Cependant, il ne sortira de l'anonymat qu'en 2015, quand il reçoit la clé qui lui permet d'accéder aux affiches publicitaires des abribus. L'artiste new-yorkais fait ce qu'aurait fait n'importe quel street artist: il les ouvre, retire l'affiche de pub qu'il remplace par une de ses oeuvres. Jusqu'à ce qu'il se rende compte que les affiches qu'il élimine sont une toile de fond intéressante. "Il s'est avéré que les pubs que j'avais emportées étaient pour des marques de mode comme Chanel, J. Crew et Louis Vuitton. Et j'ai ressenti l'envie d'entrer en interaction avec elles", explique l'artiste.
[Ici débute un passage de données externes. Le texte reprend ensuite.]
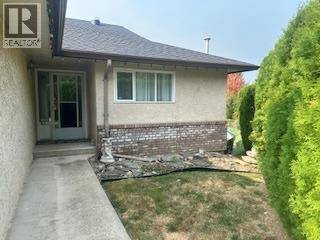 Salmon Arm, BC V1E1Y9,2455 5TH Avenue NE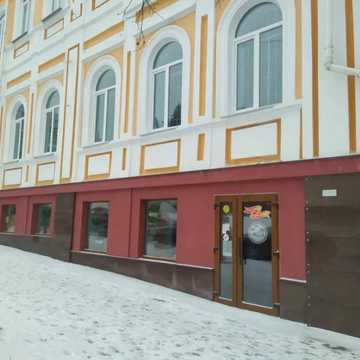 Гетьмана Полуботка вул., 8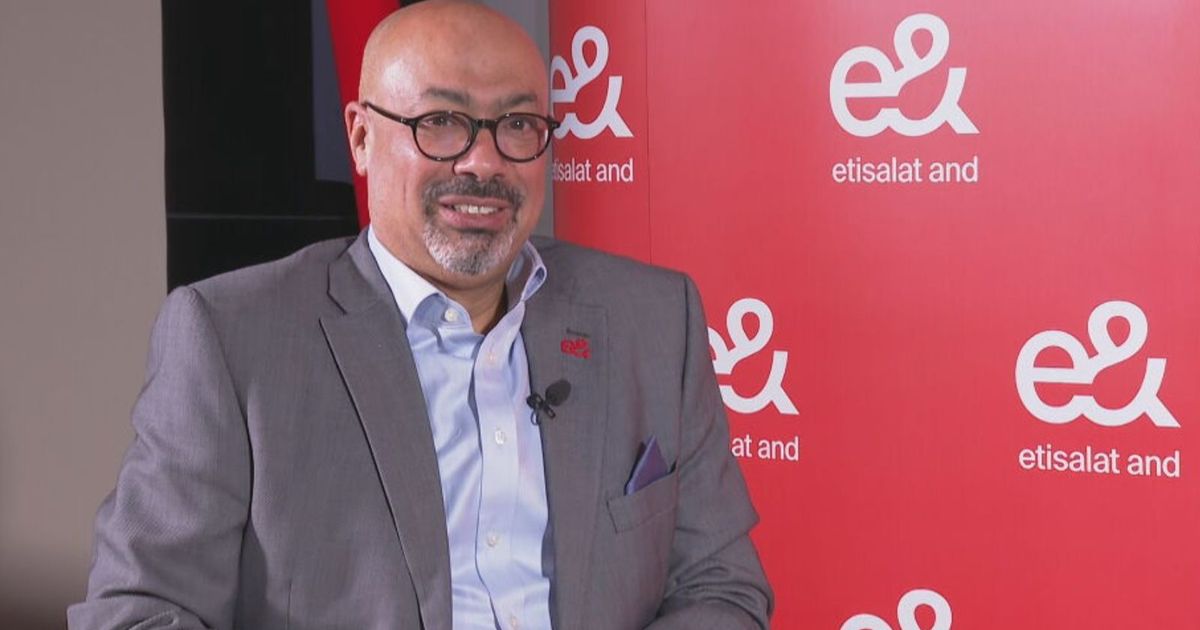 حاتم دويدار يتنحى عن منصبه كرئيس تنفيذي لمجموعة "&e" 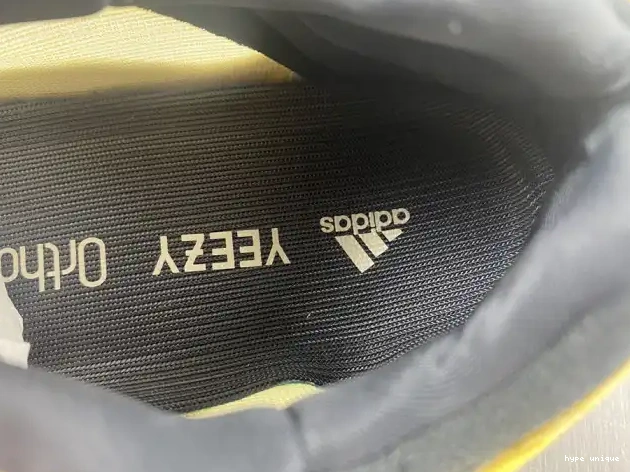 hype Adidas HP5425 Safflower Mono 700 Yeezy V3 0509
C'est ainsi que Natalie Portman pour Dior devient Natalie Portman pour De Feo, comme Gisele Bündchen sur la publicité d'un parfum Chanel, Justin Bieber en sous-vêtements Calvin Klein ou Alicia Vikander avec un sac Louis Vuitton: tous sont relookés par Michael De Feo en 2015 et en 2016.
"Je trouvais cela intéressant, tant visuellement que conceptuellement. La palette de mes fleurs était inspirée par les couleurs sur les affiches, comme les yeux ou la bouche du modèle, un sac à main ou un vêtement. Une fois que je les replaçais dans les abribus, elles semblaient avoir toujours été comme ça. L'oeuvre se fondait dans son environnement."
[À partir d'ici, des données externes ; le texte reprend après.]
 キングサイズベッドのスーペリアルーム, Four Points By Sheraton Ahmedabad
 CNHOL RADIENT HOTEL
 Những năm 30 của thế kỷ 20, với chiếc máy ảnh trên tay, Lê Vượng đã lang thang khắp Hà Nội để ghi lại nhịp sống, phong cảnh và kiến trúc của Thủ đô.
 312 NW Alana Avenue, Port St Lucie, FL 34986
La marque de mode américaine J. Crew est même tellement satisfaite de sa publicité "vandalisée" qu'elle le contacte directement en vue d'une collaboration. Suivront alors des collabs avec Neiman Marcus et Christian Louboutin ainsi que des expos.
Après avoir débuté par utiliser la ville comme une toile blanche, De Feo est aujourd'hui représenté par la Danziger Gallery à New York. Et depuis que les publicités papier ont fait place à des affiches numériques, il peint principalement sur des pages de magazines déchirées et des peintures victoriennes. Ce qui peut sembler très éloigné, jusqu'à ce qu'on feuillette son tout premier ouvrage, 'Flowers': pour un vrai 'Flower Guy', le flower power revêt toutes les apparences.
'Michael De Feo: Flowers' aux éditions Abrams Books, 25,97 euros. Il sera possible de rencontrer l'artiste le 6 juin à Paris au Grand Jeu, centre d'art Fluctuart, port du Gros Caillou 2 à 75007 Paris et le 8 juin à Amsterdam à The Garage, Brouwersgracht 75, Amsterdam.